Inspection of the bivariate correlations among the negative affect and sleep variables (both PROMIS and legacy measures) revealed strong relations (and potential multicollinearity). For the negative affect variables, the correlations at baseline ranged from .63 to .85; for the sleep variables, the range was .56 to .80. Therefore, we combined these 2 sets of variables to create 2 composite variables by adding the total scores of each measure. For the PROMIS measures, T scores were used in producing the composite variables. The composite score of negative affect was computed by adding the total scores of PROMIS anger, PROMIS anxiety, PROMIS depression, and the CES-D scale. The composite score of sleep disturbance was computed by adding the total scores of PROMIS sleep disturbance, PROMIS sleep-related impairment, and the MOS Sleep Scale. Significant predictors for each regression analysis and the corresponding variance explained by the aggregated predictors (R2) are shown in .
Regression analysis summary using aggregated predictor variables
The clinical and demographic variables selected as potential predictors did, in fact, account for significant proportions of variance in 14 of the 15 regression analyses. Aggregate R2 values ranged from 7% to 50%, with a median of 34%. Negative affect and sleep disturbance played the most prominent roles, with each of these variables making a significant contribution in 9 of the regressions. Education was included in 4 of the regression equations as the next most common predictor. At baseline, negative affect was more influential than sleep disturbance, predicting significant proportions of the variance for the RMDQ, PROMIS pain behavior, and PROMIS pain interference, whereas sleep disturbance made a contribution only to PROMIS pain behavior.
At the follow-up evaluations, the impact of negative affect remained strong, and sleep disturbance became a more important influence. At 1-month follow-up, sleep disturbance was the only significant predictor for the global ratings of improvement in back pain and leg pain. The standardized coefficients for sleep disturbance were −.41 and −.34 for back pain and leg pain, respectively. Both negative affect and sleep disturbance were significant predictors for the RMDQ (standardized coefficients were .40 and .24, respectively), whereas negative affect was also the only significant predictor for PROMIS pain behavior and PROMIS pain interference (standardized coefficients were .56 and .62, respectively).
At 3-month follow-up, sleep disturbance was a significant predictor for all 5 pain outcome variables. Its standardized coefficients were −.44, −.38, .31, .60, and .41 for back pain, leg pain, RMDQ, PROMIS pain behavior, and PROMIS pain interference, respectively. Negative affect again predicted outcomes on the RMDQ (standardized coefficient=.23) and PROMIS pain interference (standardized coefficient=.31). The proportions of variance explained by sleep disturbance and negative affect (along with other significant variables) were even greater at 3-month follow-up than 1-month follow-up. See for variance explained by each predictor at each time point.

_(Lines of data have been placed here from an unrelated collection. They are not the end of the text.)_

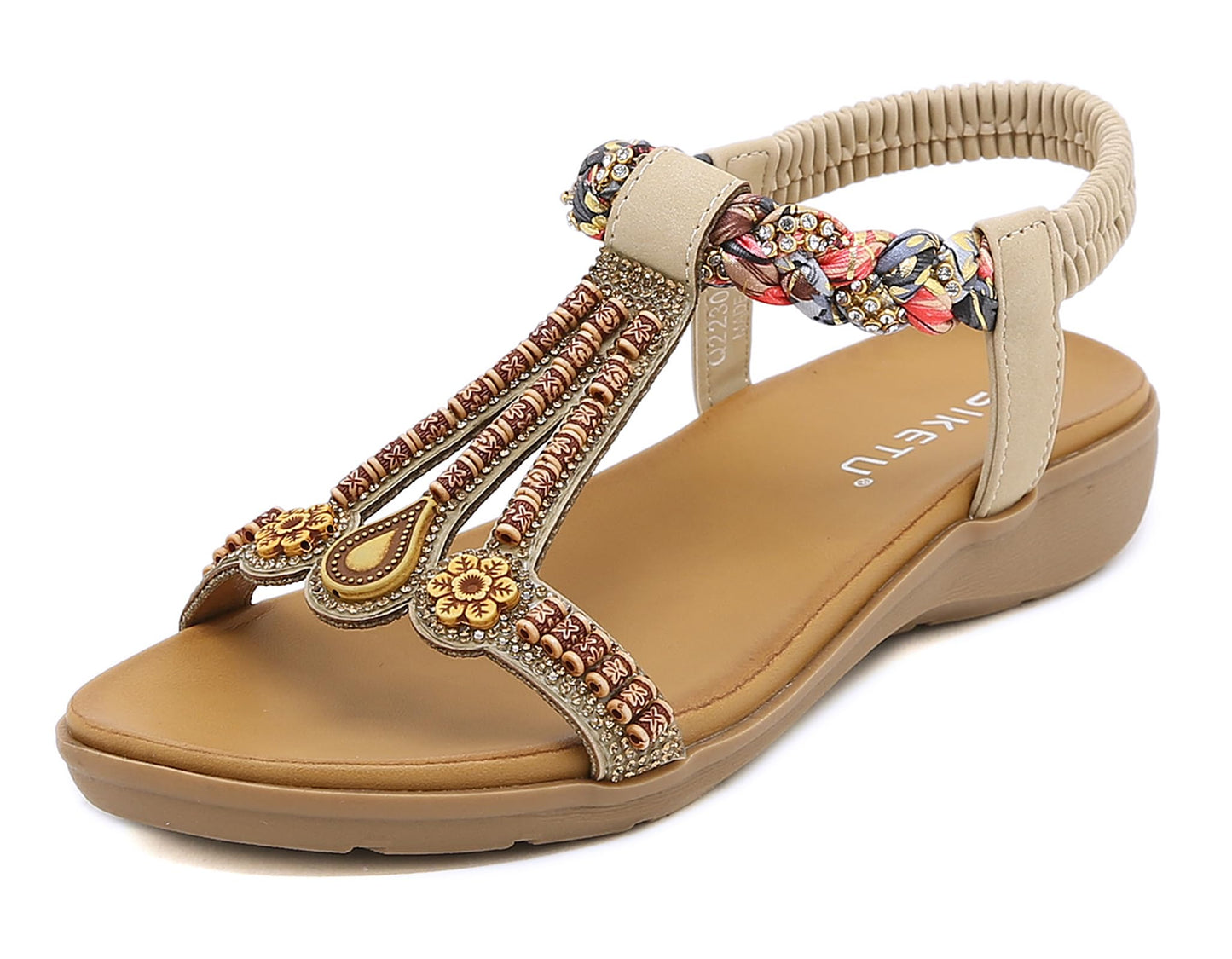 Meik Mangni Damen Sandalen Sommer Bohemian Flache Zehentrenner Strass Sandaletten Strand Schuhe Plattform Flip Flops Gr.36-42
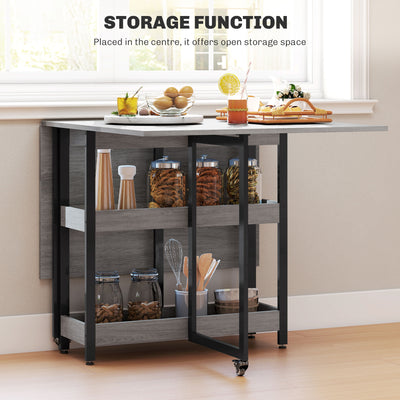 HOMCOM Industrial Folding Dining Table, Drop Leaf Table with Open Compartments for Small Spaces, Kitchen, Dining Room, Grey 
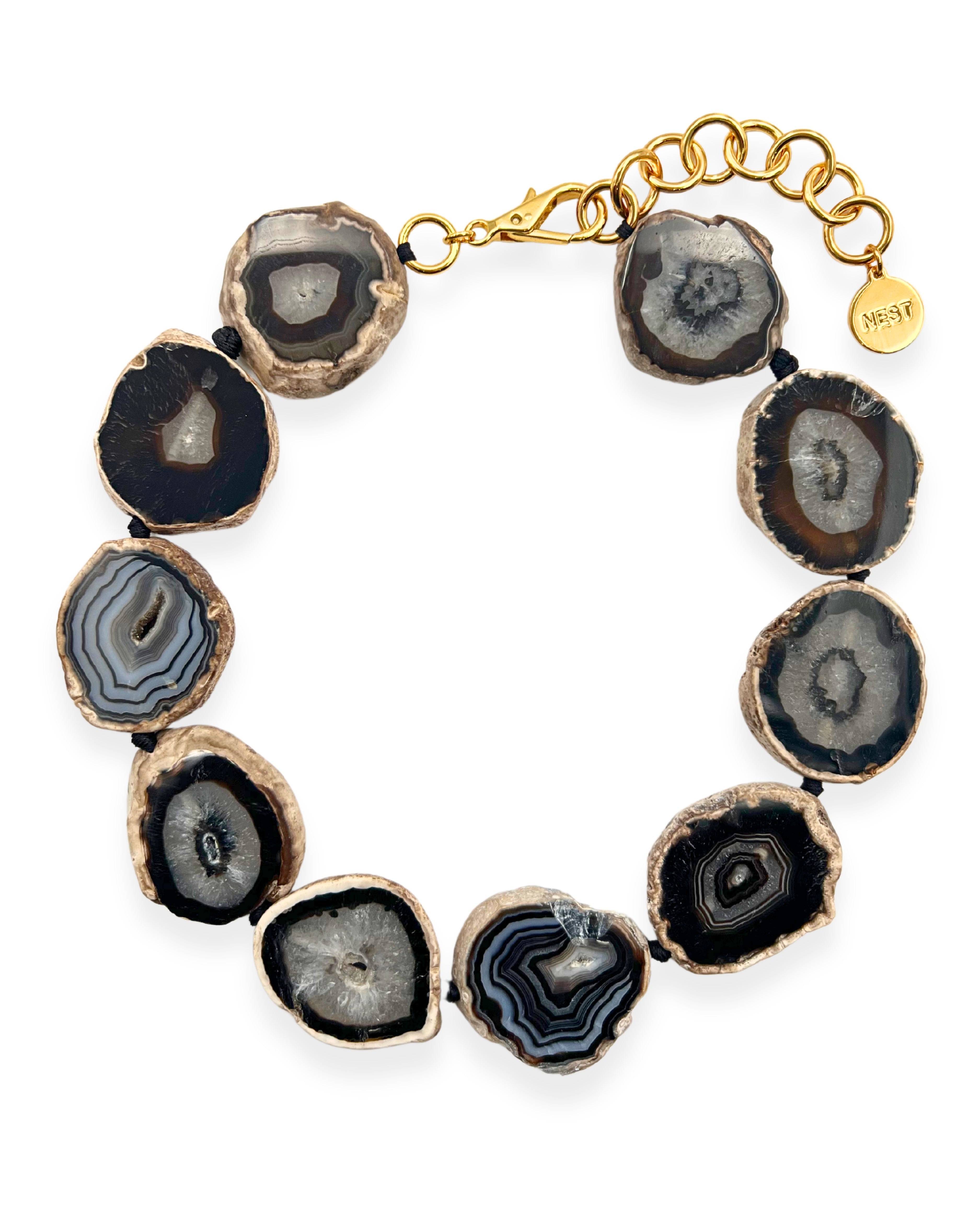 Black Agate Slice Necklace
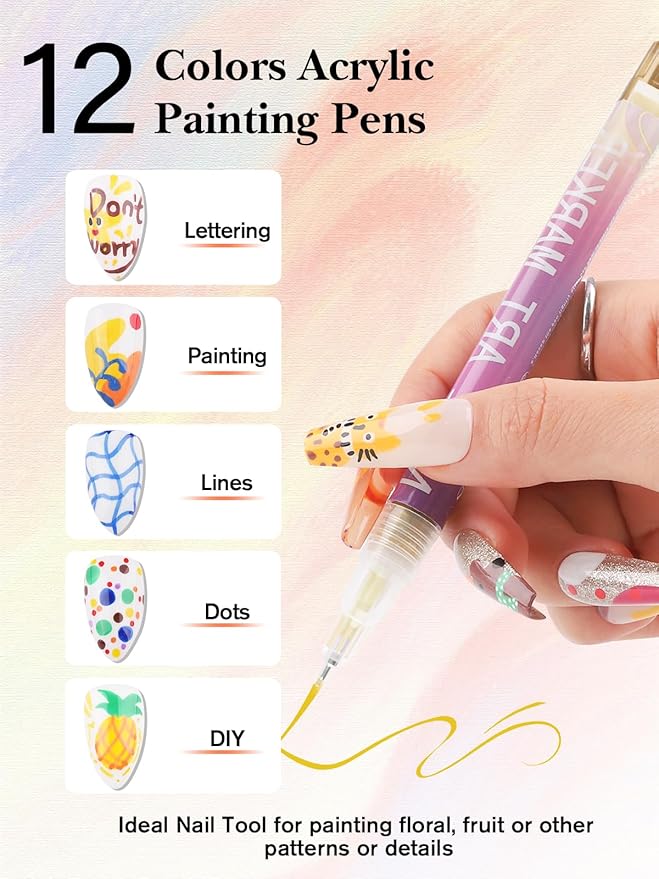 EBANKU 12 Colors 3D Nail Art Pens, Fine Tips 0.5 MM Nail Polish Pens Quick-Drying Acrylic Nail Paint Point Dotting Liner Pen Tools for Home & Salon Manicure DIY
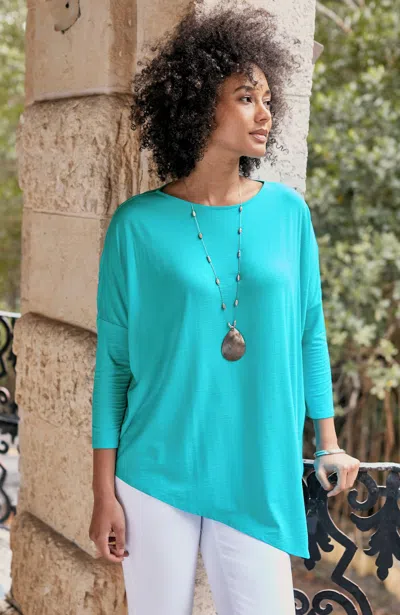 Jjill J.jill Wearever Slub-knit Asymmetric Dipped-hem Top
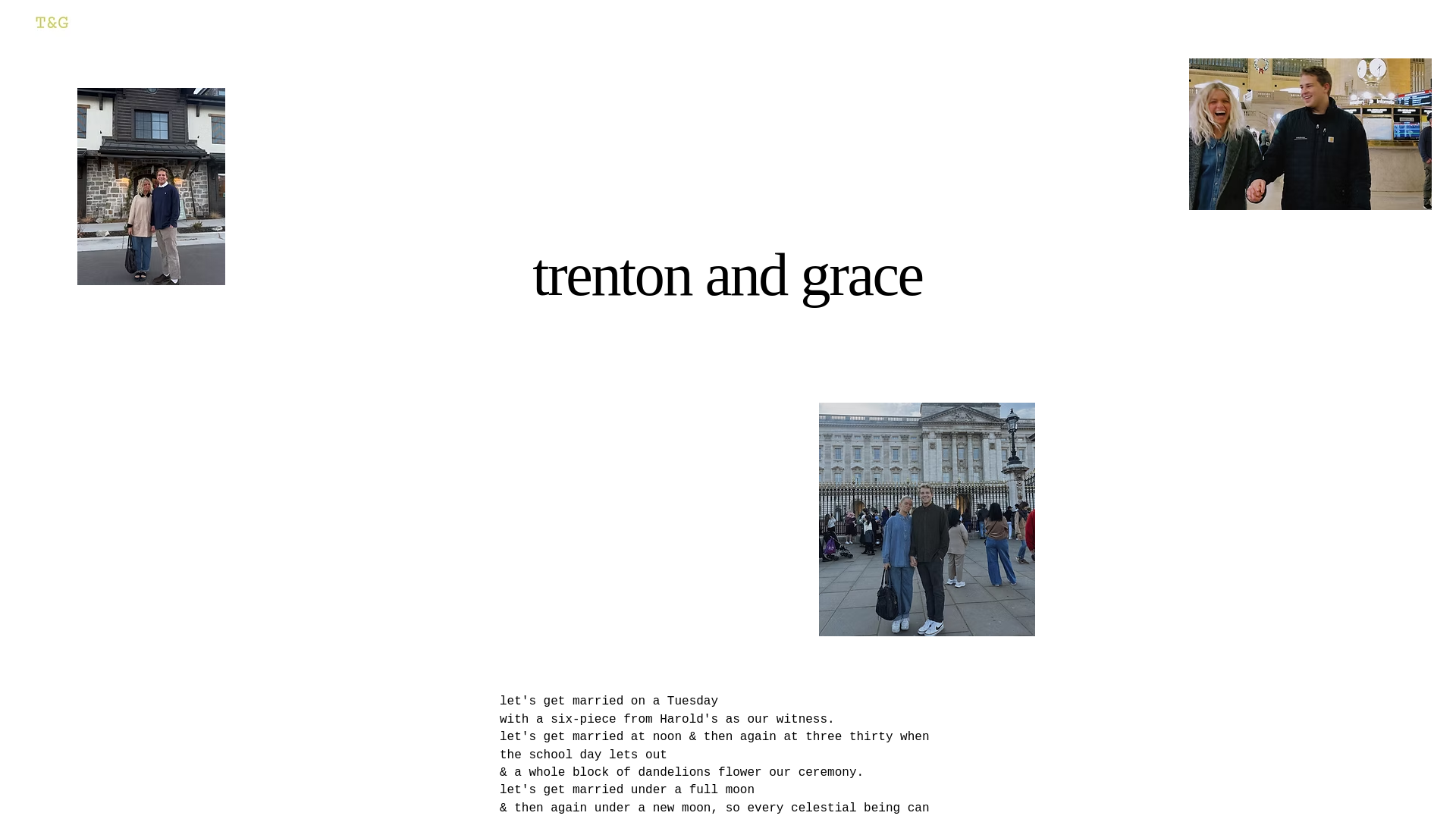 website screenshot of https://trentonandgrace.com/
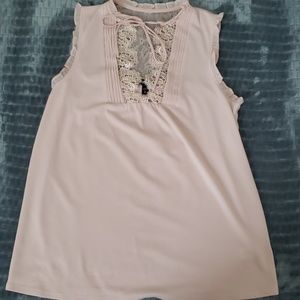 Blush pink lace detail top from Express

Prior to testing for mediation, we confirmed that there were significant changes in the 5 dependent variables (PROMIS pain behavior, PROMIS pain interference, RMDQ, back pain, and leg pain) between pre-ESI and the 3-month follow-up evaluation. For all of the variables, there were statistically significant differences (P<.001) between pre-ESI status and outcomes at 3 months, supporting the appropriateness of the mediational tests.
Given the strong concurrent associations between negative affect and sleep disturbance and the 5 outcome variables for pain and disability, we also examined how these predictors performed as mediators (at 1-mo follow-up) in the pain trajectories from baseline to 3 month follow-up (see ). The correlations between the pain outcome variables at baseline and 3-month follow-up were .10, .15, .47, .42, and .46 for the global ratings of back pain, global ratings of leg pain, RMDQ, PROMIS pain behavior, and PROMIS pain interference, respectively. The correlation between negative affect and sleep disturbance at 1-month follow-up was .70.
When we tested the mediational paths for the global ratings of back and leg pain, none of the paths through negative affect and sleep disturbance were significant. For the RMDQ, only the path from negative affect at 1-month follow-up to outcome at 3-month follow-up was significant (β=.07, P<.05) (see b2 in ). In addition, the mediational paths through negative affect (a2: β=7.8, P<.001; b2: β=.11, P<.01; their cross product, a2 × b2: β=.87, P<.01) were significant for the 3-month outcomes on PROMIS pain behavior. The same mediational paths through negative affect (a2: β=3.16, P<.001; b2: β=.12, P<.01; their cross product, a2 × b2: β=.37, P<.01) were significant for the 3-month outcomes on PROMIS pain interference. There was no evidence of mediation by sleep disturbance on these 2 outcome variables. Thus, the evidence for mediation was mixed—it varied depending on the outcome variable—but when it did appear, it was stronger for negative affect than for sleep disturbance.